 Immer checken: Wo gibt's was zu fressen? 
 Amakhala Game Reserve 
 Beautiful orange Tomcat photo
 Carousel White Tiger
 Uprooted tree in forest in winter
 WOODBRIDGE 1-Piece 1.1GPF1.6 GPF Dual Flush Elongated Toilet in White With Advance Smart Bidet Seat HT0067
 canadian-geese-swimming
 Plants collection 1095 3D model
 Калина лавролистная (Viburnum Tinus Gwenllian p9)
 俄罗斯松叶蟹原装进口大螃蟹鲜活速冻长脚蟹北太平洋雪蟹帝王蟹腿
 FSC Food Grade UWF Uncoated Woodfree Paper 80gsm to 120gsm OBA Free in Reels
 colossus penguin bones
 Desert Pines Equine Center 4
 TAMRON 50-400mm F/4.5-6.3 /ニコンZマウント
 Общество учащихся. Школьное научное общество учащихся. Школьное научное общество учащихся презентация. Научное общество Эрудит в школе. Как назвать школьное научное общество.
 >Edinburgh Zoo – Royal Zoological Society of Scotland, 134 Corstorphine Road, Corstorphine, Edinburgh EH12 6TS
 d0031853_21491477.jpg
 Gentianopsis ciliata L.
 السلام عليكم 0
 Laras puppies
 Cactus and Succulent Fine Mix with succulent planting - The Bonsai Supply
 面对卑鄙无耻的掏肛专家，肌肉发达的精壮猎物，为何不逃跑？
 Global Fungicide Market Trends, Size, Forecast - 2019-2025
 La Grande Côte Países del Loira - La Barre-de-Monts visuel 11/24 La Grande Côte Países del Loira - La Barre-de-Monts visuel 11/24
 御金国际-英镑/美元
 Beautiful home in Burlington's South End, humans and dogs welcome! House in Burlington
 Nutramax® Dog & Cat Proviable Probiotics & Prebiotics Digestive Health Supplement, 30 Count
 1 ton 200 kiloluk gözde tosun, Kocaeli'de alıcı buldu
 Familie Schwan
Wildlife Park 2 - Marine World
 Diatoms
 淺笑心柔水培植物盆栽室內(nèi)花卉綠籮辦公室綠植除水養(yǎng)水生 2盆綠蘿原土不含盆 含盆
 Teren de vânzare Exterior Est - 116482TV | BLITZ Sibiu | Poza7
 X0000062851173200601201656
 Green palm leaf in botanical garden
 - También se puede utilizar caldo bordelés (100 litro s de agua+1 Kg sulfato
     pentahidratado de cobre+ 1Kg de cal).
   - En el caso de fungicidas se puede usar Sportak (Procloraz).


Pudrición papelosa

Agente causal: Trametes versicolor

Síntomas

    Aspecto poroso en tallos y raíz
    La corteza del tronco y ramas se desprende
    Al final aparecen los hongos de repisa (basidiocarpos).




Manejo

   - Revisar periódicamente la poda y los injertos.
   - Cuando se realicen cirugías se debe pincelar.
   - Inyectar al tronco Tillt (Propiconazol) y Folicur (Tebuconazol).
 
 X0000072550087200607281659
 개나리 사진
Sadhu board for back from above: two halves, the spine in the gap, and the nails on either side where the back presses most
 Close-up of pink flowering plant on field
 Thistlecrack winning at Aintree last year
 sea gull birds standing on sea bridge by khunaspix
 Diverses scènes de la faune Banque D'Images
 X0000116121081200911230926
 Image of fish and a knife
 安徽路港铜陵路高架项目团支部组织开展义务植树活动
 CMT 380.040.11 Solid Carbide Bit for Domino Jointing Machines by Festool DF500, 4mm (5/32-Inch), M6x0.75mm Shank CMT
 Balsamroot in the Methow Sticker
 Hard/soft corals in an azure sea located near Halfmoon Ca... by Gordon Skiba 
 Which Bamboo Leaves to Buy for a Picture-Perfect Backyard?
• • • • • • •
- TASK DETAILS
Repeat the listing exactly.

- ANSWER BOX
 Immer checken: Wo gibt's was zu fressen? 
 Amakhala Game Reserve 
 Beautiful orange Tomcat photo
 Carousel White Tiger
 Uprooted tree in forest in winter
 WOODBRIDGE 1-Piece 1.1GPF1.6 GPF Dual Flush Elongated Toilet in White With Advance Smart Bidet Seat HT0067
 canadian-geese-swimming
 Plants collection 1095 3D model
 Калина лавролистная (Viburnum Tinus Gwenllian p9)
 俄罗斯松叶蟹原装进口大螃蟹鲜活速冻长脚蟹北太平洋雪蟹帝王蟹腿
 FSC Food Grade UWF Uncoated Woodfree Paper 80gsm to 120gsm OBA Free in Reels
 colossus penguin bones
 Desert Pines Equine Center 4
 TAMRON 50-400mm F/4.5-6.3 /ニコンZマウント
 Общество учащихся. Школьное научное общество учащихся. Школьное научное общество учащихся презентация. Научное общество Эрудит в школе. Как назвать школьное научное общество.
 >Edinburgh Zoo – Royal Zoological Society of Scotland, 134 Corstorphine Road, Corstorphine, Edinburgh EH12 6TS
 d0031853_21491477.jpg
 Gentianopsis ciliata L.
 السلام عليكم 0
 Laras puppies
 Cactus and Succulent Fine Mix with succulent planting - The Bonsai Supply
 面对卑鄙无耻的掏肛专家，肌肉发达的精壮猎物，为何不逃跑？
 Global Fungicide Market Trends, Size, Forecast - 2019-2025
 La Grande Côte Países del Loira - La Barre-de-Monts visuel 11/24 La Grande Côte Países del Loira - La Barre-de-Monts visuel 11/24
 御金国际-英镑/美元
 Beautiful home in Burlington's South End, humans and dogs welcome! House in Burlington
 Nutramax® Dog & Cat Proviable Probiotics & Prebiotics Digestive Health Supplement, 30 Count
 1 ton 200 kiloluk gözde tosun, Kocaeli'de alıcı buldu
 Familie Schwan
Wildlife Park 2 - Marine World
 Diatoms
 淺笑心柔水培植物盆栽室內(nèi)花卉綠籮辦公室綠植除水養(yǎng)水生 2盆綠蘿原土不含盆 含盆
 Teren de vânzare Exterior Est - 116482TV | BLITZ Sibiu | Poza7
 X0000062851173200601201656
 Green palm leaf in botanical garden
 - También se puede utilizar caldo bordelés (100 litro s de agua+1 Kg sulfato
     pentahidratado de cobre+ 1Kg de cal).
   - En el caso de fungicidas se puede usar Sportak (Procloraz).


Pudrición papelosa

Agente causal: Trametes versicolor

Síntomas

    Aspecto poroso en tallos y raíz
    La corteza del tronco y ramas se desprende
    Al final aparecen los hongos de repisa (basidiocarpos).




Manejo

   - Revisar periódicamente la poda y los injertos.
   - Cuando se realicen cirugías se debe pincelar.
   - Inyectar al tronco Tillt (Propiconazol) y Folicur (Tebuconazol).
 
 X0000072550087200607281659
 개나리 사진
Sadhu board for back from above: two halves, the spine in the gap, and the nails on either side where the back presses most
 Close-up of pink flowering plant on field
 Thistlecrack winning at Aintree last year
 sea gull birds standing on sea bridge by khunaspix
 Diverses scènes de la faune Banque D'Images
 X0000116121081200911230926
 Image of fish and a knife
 安徽路港铜陵路高架项目团支部组织开展义务植树活动
 CMT 380.040.11 Solid Carbide Bit for Domino Jointing Machines by Festool DF500, 4mm (5/32-Inch), M6x0.75mm Shank CMT
 Balsamroot in the Methow Sticker
 Hard/soft corals in an azure sea located near Halfmoon Ca... by Gordon Skiba 
 Which Bamboo Leaves to Buy for a Picture-Perfect Backyard?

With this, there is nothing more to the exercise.